Now the owner's equity is $10,000 because the corporation has a negative balance of -$15,000 in earned surplus or retained earnings. Contributed capital of $25,000, net of the negative balance of -$15,000 in earned surplus or retained earnings, yields the total owner's equity of $10,000.
Finally, the corporation earns net income of $4,000 in year three, and another $4,000 in year four. Under the standard earned surplus test, no dividend (or stock redemption) may be paid in any of the years, because even after the net income for years three and four is added to earned surplus, the earned surplus is still -$7,000 (-$15,000 deficit after year two, offset by $8,000 of total earnings for years three and four).
However, under the more liberal test applied in Delaware, Nevada and some other states, the corporation may pay dividends (or stock redemptions) of $8,000 out of the year three and four earnings.
The cash flow test will still apply, as a separate constructive fraud test, even in states that apply more liberal versions of the earned surplus version of the balance sheet test. Thus, in the last example, if the corporation were unable to pay its debts as they came due, the corporation would not be able to pay dividends or stock redemptions, despite the earnings in years three and four.
In addition, while the specific constructive fraud tests in state corporation statutes and limited liability company (LLC) statutes replace the Uniform Fraudulent Transfers Act's constructive fraud test, the UFTA's actual fraud provisions apply to all transfers. Thus, the UFTA's actual fraud provisions will apply as a separate limitation to distributions on account of an ownership interest (i.e., distributions of earnings and redemptions of ownership interests).
State LLC statutes usually apply the standard cash flow test and the standard balance sheet test in the same way that these two tests apply under the UFTA's constructive fraud provisions. The LLC statutes also apply only with respect to distributions to owners on account of their ownership interests.

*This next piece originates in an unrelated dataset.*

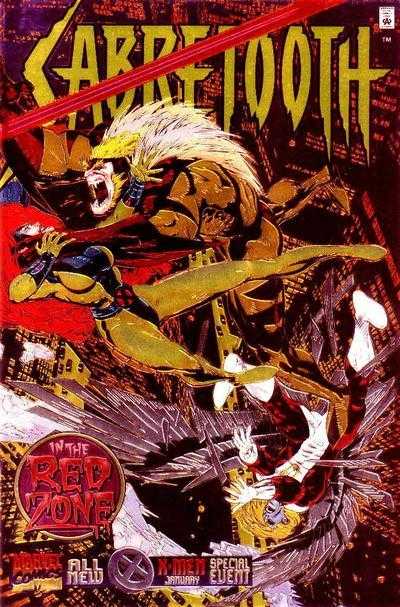 Sabretooth Special In The Red Zone Chromium Cover One Shot NM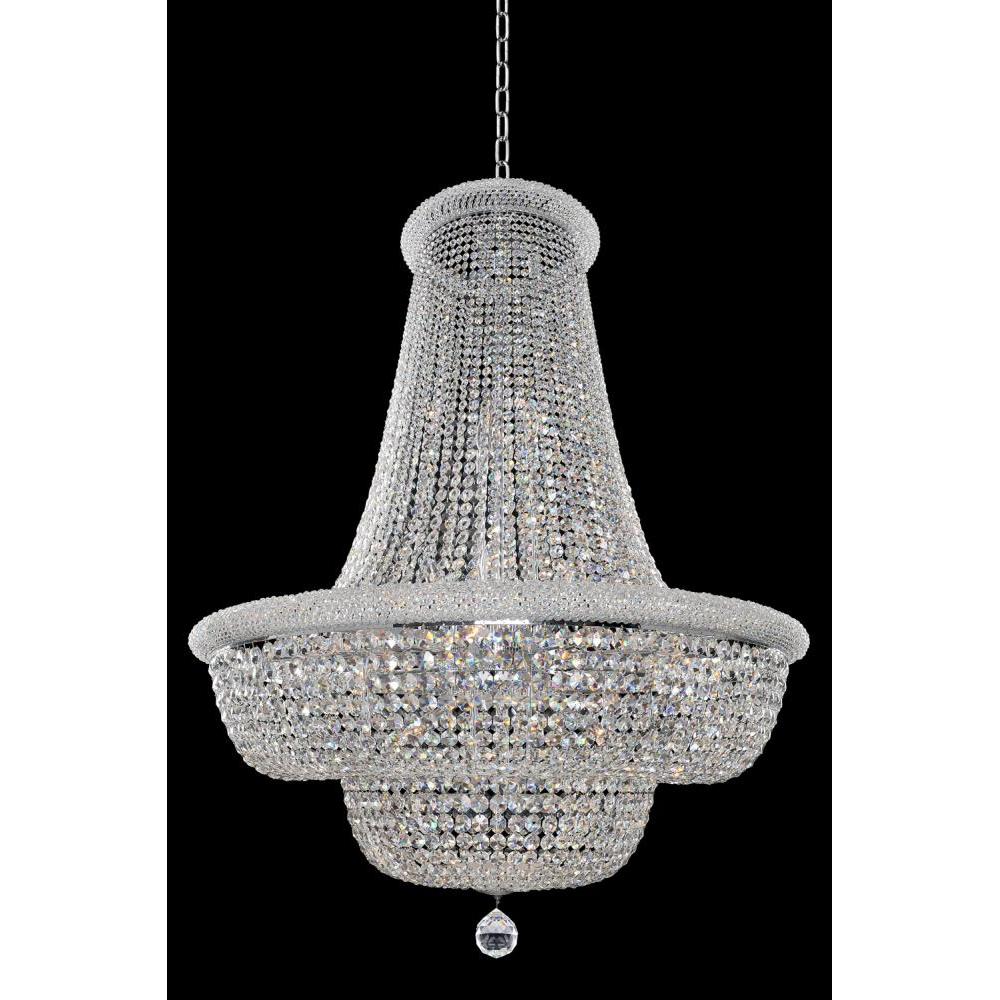 Napoli Luxury Crystal Pendant – Polished Chrome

However, in Nevada, an LLC can waive application of the balance sheet test. A waiver of the balance sheet test leaves only the cash flow test as a constructive fraud restriction, and thus allows the LLC a greater opportunity to make distribution of earnings and for ownership redemptions. This waiver, which is recommended, must be accomplished in the articles of organization for the LLC.
More liberal restrictions on distributions of earnings by corporations help explain why Delaware and Nevada are popular choices for business formation, and why small business owners should consider forming the business entity in one of these states (see our discussion of choice of state issues).